(4.43) This will be my main objective:
Bearing a strong grudge, to do battle with my delusions.
Although such a grudge appears to be a delusion,
Because it destroys delusions it is not.
(4.44) It would be better for me to be burned to death
Or to have my head cut off
Than to ever allow myself
To come under the influence of delusions.
I love Shantideva. To not put too fine a point on it, he just kicks our ass. Reading his words, you can just feel his vajra-like clarity and certainty of purpose. He does not hold back, he does not coddle. Why? Because he is at war.
When Jesus was in the Garden of Gethsemane, the devil taunted him, “do you really want to take on the sins of all beings? Are you really ready for what that means?” After a moment’s hesitation, he came to a decision and said unequivocally yes, and he crushed the serpent’s head. Then, quite literally, a world of suffering came crashing down on him. He accepted it all because he knew his purpose, and just before death some of his last words were, “forgive them father, for they know not what they do.” When we read Shantideva, we can’t help but feel he has come out of his own Garden of Gethsemane armed with clarity of purpose. He has not simply declared war on his own delusions, he has declared war on all the delusions of all living beings – and he is fighting to win. He is playing for keeps. He is taking no prisoners. He is showing no quarter.
We know the path to freedom and happiness involves removing all trace of delusions. We will be unable to lead anyone along that path in its entirety unless we have travelled it ourselves—unless we have freed ourselves from delusions. This does not mean we need to overcome all of our delusions before we can provide any help; rather it means we will only be able to actually help people up to the extent that we have actually overcome our delusions within ourselves. Until we have overcome our own delusions, we will have no power to free even one person from their delusions. We may have knowledge of this path, but we must travel along it if we are to free others from their delusions.
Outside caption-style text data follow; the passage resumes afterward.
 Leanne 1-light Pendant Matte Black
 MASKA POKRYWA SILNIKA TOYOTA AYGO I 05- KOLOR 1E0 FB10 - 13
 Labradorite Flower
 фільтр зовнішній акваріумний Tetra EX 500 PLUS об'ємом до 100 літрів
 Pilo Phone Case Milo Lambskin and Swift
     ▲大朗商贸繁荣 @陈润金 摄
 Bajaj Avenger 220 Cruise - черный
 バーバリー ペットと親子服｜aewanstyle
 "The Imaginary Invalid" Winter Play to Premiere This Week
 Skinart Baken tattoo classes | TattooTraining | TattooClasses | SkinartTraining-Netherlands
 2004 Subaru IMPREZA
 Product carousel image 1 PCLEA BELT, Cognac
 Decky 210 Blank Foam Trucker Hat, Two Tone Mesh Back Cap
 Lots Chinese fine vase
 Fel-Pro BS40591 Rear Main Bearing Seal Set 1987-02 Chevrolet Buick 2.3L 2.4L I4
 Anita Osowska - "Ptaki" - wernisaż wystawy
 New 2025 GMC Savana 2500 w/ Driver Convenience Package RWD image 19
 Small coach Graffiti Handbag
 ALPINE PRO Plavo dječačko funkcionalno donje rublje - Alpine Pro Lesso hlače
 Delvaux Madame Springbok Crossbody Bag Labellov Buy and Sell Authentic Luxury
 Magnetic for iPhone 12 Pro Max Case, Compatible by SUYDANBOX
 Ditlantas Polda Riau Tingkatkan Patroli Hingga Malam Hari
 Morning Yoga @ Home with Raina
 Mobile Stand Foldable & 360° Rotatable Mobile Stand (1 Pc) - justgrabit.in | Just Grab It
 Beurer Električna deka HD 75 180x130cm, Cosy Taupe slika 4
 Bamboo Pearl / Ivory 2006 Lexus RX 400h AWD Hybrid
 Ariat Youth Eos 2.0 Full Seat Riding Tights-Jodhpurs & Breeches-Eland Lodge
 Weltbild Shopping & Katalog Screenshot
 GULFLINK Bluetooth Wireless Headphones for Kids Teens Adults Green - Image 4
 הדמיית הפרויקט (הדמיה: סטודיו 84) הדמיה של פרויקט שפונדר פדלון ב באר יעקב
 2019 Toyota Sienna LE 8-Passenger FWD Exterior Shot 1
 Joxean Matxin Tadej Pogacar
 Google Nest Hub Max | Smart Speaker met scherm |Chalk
Therefore, our main job must be to abandon delusions. This is very easy to forget. We have a lot of jobs, and things we do. But we have to ask what is our main objective? All of our other activities provide us with an opportunity to change our mind and our way of life, finally into those of a Bodhisattva. Bodhisattvas have incredible influence on the world around them, incredible power to lead others. They do not go around telling everyone “I am bodhisattva, hear me roar.” Simply their presence in any community radically reshapes it. In Eight Steps to Happiness, Geshe-la says that somebody who cherishes others is like a magic crystal the functions to heal any community. What need is there to say of the power of a Bodhisattva, whose wish is to lead all beings to everlasting freedom.
We ourselves should want such influence and power. But such power does not come from teaching or from working to flourish the Dharma, but rather from working on our own mind. We need confidence that we can actively eliminate delusion from our mind, and confidence that once eliminated they will never return. And we need this experience in the world of living beings. For centuries, this was primarily a monastic tradition, but not any more. Even monks and nuns in this tradition live in the world, even if their jobs are working for Dharma centers. Venerable Tharchin said all it takes is a handful of true spiritual masters in a given country to make that country a source of peace in the world. We need such Bodhisattvas in Dharma centers, but we also need them in our schools, in our corporations, in our hospitals, in the government, in the military, in the highest reaches of politics, and in the home. Who will be these bodhisattvas for our country if not us?
We must do both – heal our mind and heal our world. To do just the external or just the internal is an extreme. In the past many practitioners have experienced many problems due to an unskillful approach, of either being extreme with their inner practice and no engagement with the world; or being extreme with their outer activities while neglecting inner transformation. We must get it right with respect to our formal practices, informal practices, our work, our family life and our civic engagement. We know there is no contradiction within the Dharma. Our job is to realize there is no contradiction between practicing Dharma and living a modern life. This is the task Geshe-la has given us.